Wir Freie waren schon lange unzufrieden mit der Stagnation der Honorare bei der MCS Sachsen. Im Herbst 2018 trafen wir uns zum ersten Mal außerhalb des Funkhauses und brachten alle Probleme, Sorgen und Nöte auf den Tisch: Honorare, soziale Absicherung, Urlaub. Schnell war klar: beim Thema Honoraranpassung zeichnete sich der größte Handlungsbedarf ab. Während die Tageshonorare auf dem freien Markt seit Jahren kontinuierlich in die Höhe gingen, passierte bei uns so gut wie nichts. Und das seit teilweise über 20 Jahren. Vor allem für die Rechnungssteller klafften die Honorare zwischen der MCS Sachsen und den meisten freien Firmen um mehr als ein Drittel auseinander. Manche Kollegen überlegten damals bereits, die Firma oder gar die Branche zu verlassen – und einige haben das später tatsächlich auch gemacht.

Als Selbständige sollten wir unsere Honorare eigentlich mit unserem Auftraggeber verhandeln. Aber immer, wenn das jemand bei der MCS versucht hat, ist er abgeblitzt, mit der Begründung, dass der MDR keine höheren Sätze für das Personal bezahlen würde. Jeder bekam den gleichen von der Firma vorgegebenen Tagessatz, und dieser änderte sich über viele Jahre nicht. Die MCS ist für den Mitteldeutschen Rundfunk in Dresden der größte Videoproduktionsanbieter. Niemand von uns konnte im Alleingang mit der Geschäftsleitung wirklich ergebnisorientiert verhandeln. Deshalb holten wir den Leipziger Verein fairTV e. V. ins Boot. Seit Jahren hilft er Freien, ihre Honorarforderungen gegenüber Fernsehproduzenten durchzusetzen. Doch schon das erste Gespräch des fairTV-Vorstands mit unserem Auftraggeber endete in einer Sackgasse, denn die MCS-Geschäftsführung erteilte weiteren Gesprächen mit fairTV eine Absage.

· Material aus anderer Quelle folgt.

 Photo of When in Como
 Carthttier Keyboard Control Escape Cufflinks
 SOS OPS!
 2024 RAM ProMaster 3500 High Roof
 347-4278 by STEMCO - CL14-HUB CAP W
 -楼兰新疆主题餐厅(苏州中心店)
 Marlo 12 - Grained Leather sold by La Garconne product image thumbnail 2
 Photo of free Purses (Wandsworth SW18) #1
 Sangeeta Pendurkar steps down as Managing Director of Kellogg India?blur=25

Unsere letzte Chance war die Gewerkschaft ver.di, die auch mit dem MDR für seine Freien einen Tarifvertrag abgeschlossen hat. Unsere Hoffnung war, dass eine Firma, die fast ausschließlich von Rundfunkgebühren lebt, eine so große Gewerkschaft nicht ignorieren würde. Nachdem ein großer Teil der Freien bei ver.di Mitglied geworden war, gab es im Juni 2021 ein erstes Sondierungsgespräch zwischen ver.di und der MCS Sachsen, im November dann ein weiteres Treffen. Leider schloss die Geschäftsführung der MCS in beiden Gesprächen Tarifverhandlungen kategorisch aus. Für uns war das ein Schock. Aufgeben war jedoch keine Option. Und so kam es, wie es kommen musste: An einem Montag im Dezember folgten wir dem Aufruf der Gewerkschaft zum Streik vor der Tür des Landesfunkhauses, um Tarifverhandlungen mit der MCS zu erzwingen.

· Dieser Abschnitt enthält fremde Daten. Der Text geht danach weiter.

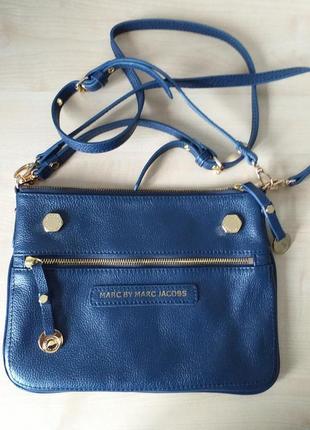 Marc by marc jacobs сумка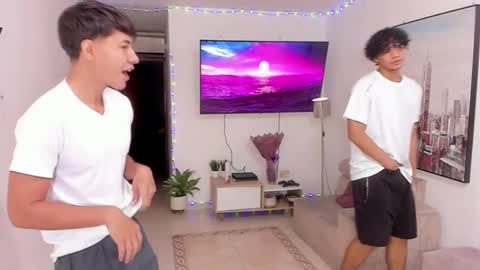 Mod Dylan Lilith Alan and  Drake online show from 12-12-24, 01:28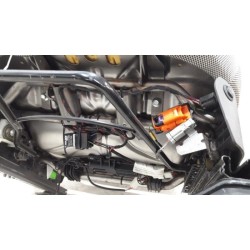 Fiat - 500 - Sitz links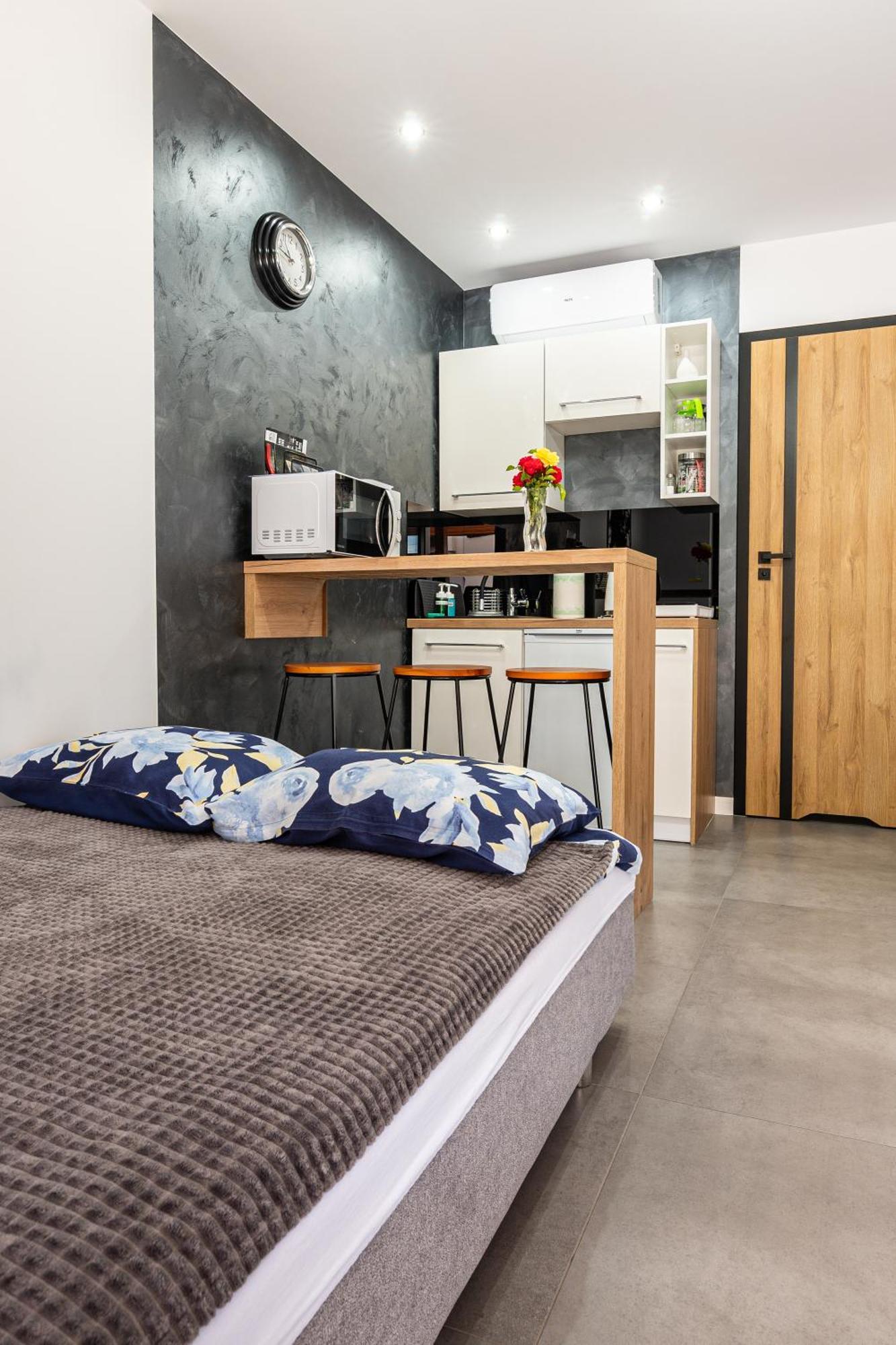Bianco Apartamenty Laskowa - Zator Esterno foto
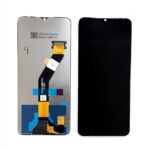 Display For HMD Aura 5g lcd Screen Folder Combo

Unser Streik dauerte acht Tage. Mehrere Tageszeitungen und Internetportale berichteten darüber. Nur beim MDR selbst wurde unser Streik mit keiner Silbe im Programm oder auf dem Internetportal erwähnt. Wir erhielten viele Solidaritätsbekundungen, auch von Kolleginnen und Kollegen aus der Redaktion des MDR, die seit Jahren täglich mit uns zusammenarbeiten. Unsere festangestellten MCS-Kollegen allerdings waren über unseren plötzlichen Ausfall mitten im Vorweihnachtsstress nicht gerade begeistert. Familie und Freizeit kamen durch die Personalengpässe in der Coronazeit sowieso schon oft zu kurz. Es fehlten Mitarbeiter an allen Ecken und Enden. Während des Streiks musste die MCS deshalb fortlaufend Personal aus anderen Standorten der Holding in Dresden einsetzen, um die Lücken zu füllen. Es war ein Ausnahmezustand, den sich niemand von uns gewünscht hatte. Monatelang hatte die Gewerkschaft für Tarifverhandlungen bei der MCS an die Tür geklopft – vergebens. Der Streik war für uns nur das letzte Mittel.

Am Ende hatten wir Erfolg: Die MCS-Geschäftsführung erklärte sich zu Tarifverhandlungen bereit, die im März 2022 begannen. Es gab drei Verhandlungsrunden. Die Gespräche kamen nur langsam voran, aber sie endeten mit einem Tarifabschluss, dem ersten der Firmengeschichte. Wir sind stolz, dass wir das geschafft haben. Es ist ein Anfang, und darauf wollen wir aufbauen.